A Vesoul (Haute-Saône), environ 400 personnes ont bloqué pendant deux heures la totalité des axes d’entrée et de sortie de la ville. A Brest, des manifestants ont occupé les voies ferrées.
Chez les jeunes, très visibles dans les cortèges (un millier à Agen, selon la police, par exemple), la mobilisation va crescendo: 379 lycées étaient perturbés, tandis que la grève était votée dans plus d’une dizaine d’universités. Des affrontements se sont à nouveau produits devant un lycée de Nanterre.
A la SNCF, la grève a été plus suivie que la veille (de 30,4% à 42,68% selon les sources).
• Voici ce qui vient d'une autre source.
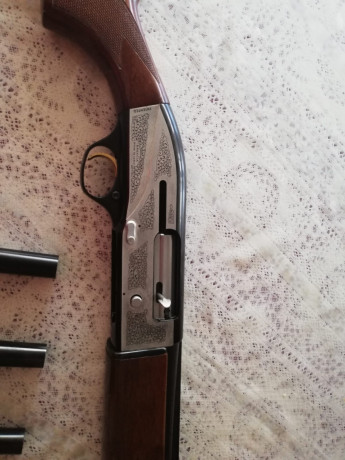 Vendo Escopeta  Semiautomatica  BREDA, Mod. Altair Special, long del cañon 60 cm, con TRES choques de 00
Mais moins que le 12 octobre, tout comme dans la Fonction et les entreprises publiques (15,3% à EDF).
Dans plusieurs grandes villes, les manifestations ont atteint des records, selon la police: 26.000 à Rennes (50.000 selon la CFDT), 35.000 à Toulouse (155.000), 15.000 à Grenoble (80.000).
A Paris, les manifestants étaient aussi nombreux que le 12 selon la CGT (330.000 personnes), 22.000 de moins selon la police (67.000).
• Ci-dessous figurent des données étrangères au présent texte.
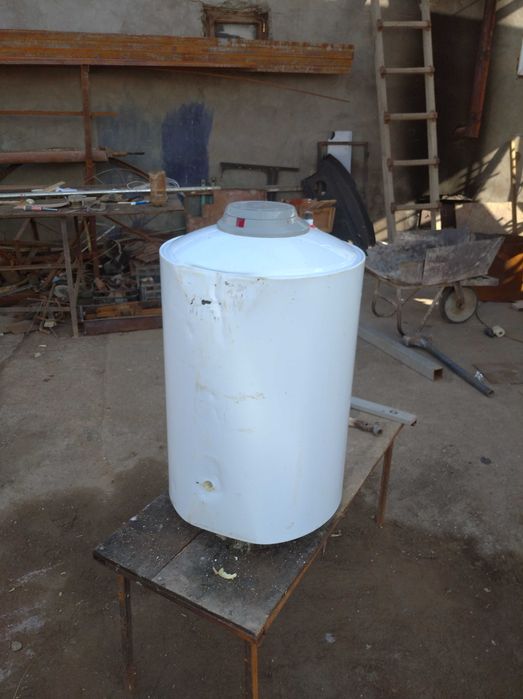 Аристон 80л. новый, но чучуть помятый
Des incidents, faisant quelques blessés légers, ont eu lieu en marge de défilés: cinq à six magasins pillés à Lyon, heurts au Havre, Lorient, Limoges entre manifestants et forces de l’ordre.
Mais l’humour était aussi au rendez-vous. “Les vieux au boulot et les jeunes au bistrot, NON. Les jeunes au turbin, les vieux au jardin, OUI”, lisait-on sur la pancarte de jeunes à Auch.
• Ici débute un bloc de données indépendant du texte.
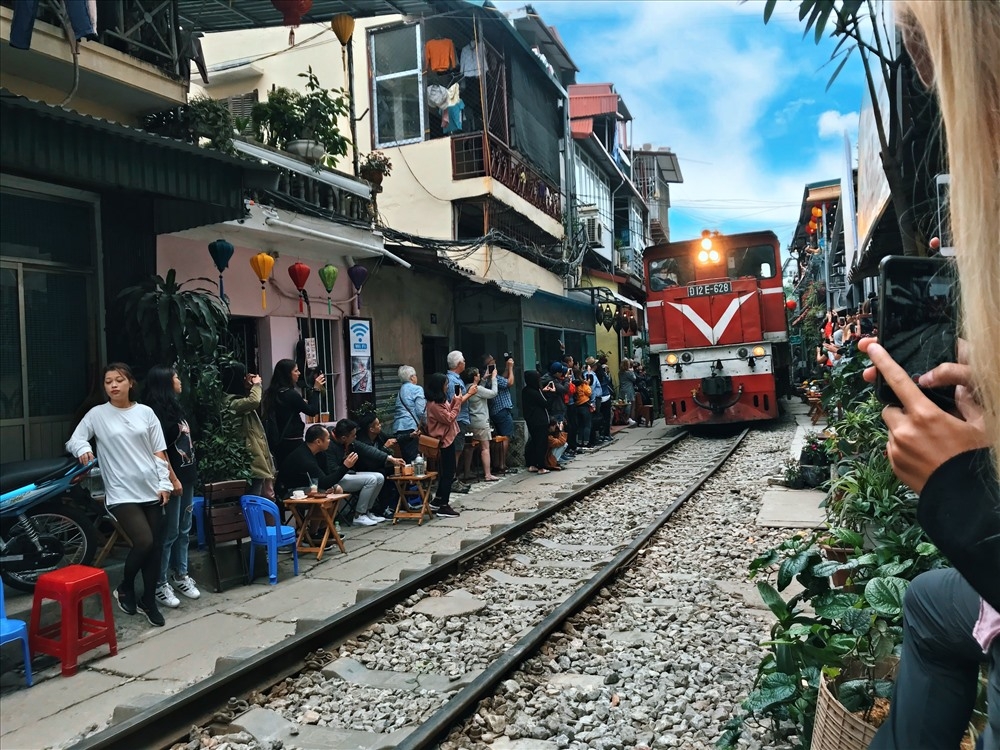 vi sao bo gtvt de nghi tp ha noi kien quyet tram ca phe duong tau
Les syndicats, qui se réunissaient jeudi, sont confrontés maintenant à un casse-tête, avec le vote imminent du Sénat combiné aux vacances de la Toussaint dès vendredi. Il faut trouver “une autre réponse”, a estimé le numéro un de la CFDT François Chérèque.
Pour Jacques Voisin (CFTC), il faut “trouver les conditions d’une mobilisation maximum” après les vacances. “Une fois votée, la réforme restera injuste”, renchérit la FSU. Seule la CFE-CGC, qui ne veut “pas cautionner les dérapages”, propose une “pause”.


Deux sondages


Deux sondages parus mercredi 20 octobre viennent conforter les opposants à la réforme des retraites. Selon une enquête Viavoice pour Libération, 79% des personnes interrogées contre 18% se disent favorables à une reprise des négociations avec les syndicats. 66% des sondés (contre 30%) s’opposent à “un maintien du projet en l’état, sans rien changer”. 60% contre 37% demandent une “modification profonde” du projet de loi. Si la réforme du gouvernement n’est pas acceptée, en revanche, le mouvement de contestation bénéficie d’un large soutien. Les deux-tiers des Français (67%) approuvent les grèves et manifestations, 30% étant d’un avis inverse selon Viavoice. 65% des Français désapprouvent la fermeté de Nicolas Sarkozy face aux grèves et aux manifestations, contre 32% étant d’un avis contraire. Un second sondage, réalisé par BVA pour Absoluce, Les Echos et France-Info, va dans le même sens. 59% des Français s’y disent favorables à ce que le mouvement de contestation se poursuive, même après l’adoption du projet de loi par le Sénat. 40% y sont opposés.